No dije más. No valía la pena. Salí de allí con el alma en pedazos.

Karen, mi compañera, me dijo que vio esa noche cuando salí con un desconocido que no era Diego. Me comentó que el tipo era de buen vestir, que se notaba que tenía dinero, pero también que estaba ebrio. Me miró con lástima. No le supe responder. ¿Qué podía decirle si ni yo entendía qué había pasado?

Sacudo la cabeza, tratando de alejar esos recuerdos que me atormentan.

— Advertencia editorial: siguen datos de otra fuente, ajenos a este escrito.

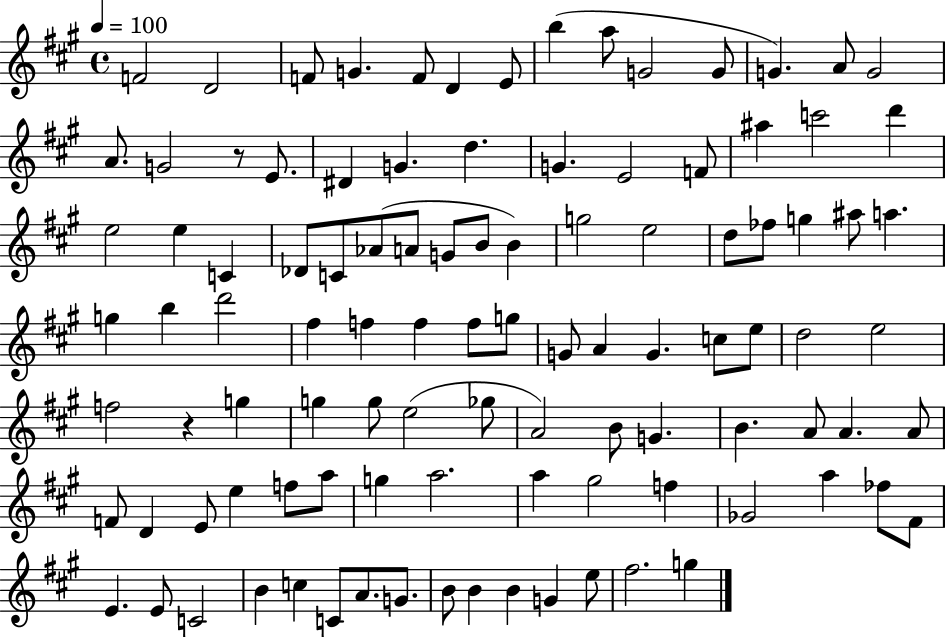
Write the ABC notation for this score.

X:1
T:Untitled
M:4/4
L:1/4
K:A
F2 D2 F/2 G F/2 D E/2 b a/2 G2 G/2 G A/2 G2 A/2 G2 z/2 E/2 ^D G d G E2 F/2 ^a c'2 d' e2 e C _D/2 C/2 _A/2 A/2 G/2 B/2 B g2 e2 d/2 _f/2 g ^a/2 a g b d'2 ^f f f f/2 g/2 G/2 A G c/2 e/2 d2 e2 f2 z g g g/2 e2 _g/2 A2 B/2 G B A/2 A A/2 F/2 D E/2 e f/2 a/2 g a2 a ^g2 f _G2 a _f/2 ^F/2 E E/2 C2 B c C/2 A/2 G/2 B/2 B B G e/2 ^f2 g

Miro nuevamente los recibos y las cartas del abogado sobre la mesa. Las deudas siguen ahí, tan reales como mi culpa.

¿Por qué debo cargar con todo esto yo sola? ¿Por qué mi hermana no puede hacerlo también?

Pero sé la respuesta. Porque siempre he sido yo quien sostiene esta casa, quien paga los platos rotos, quien se mancha las manos para mantenernos a flote.

Y aun así el precio que he pagado es demasiado alto.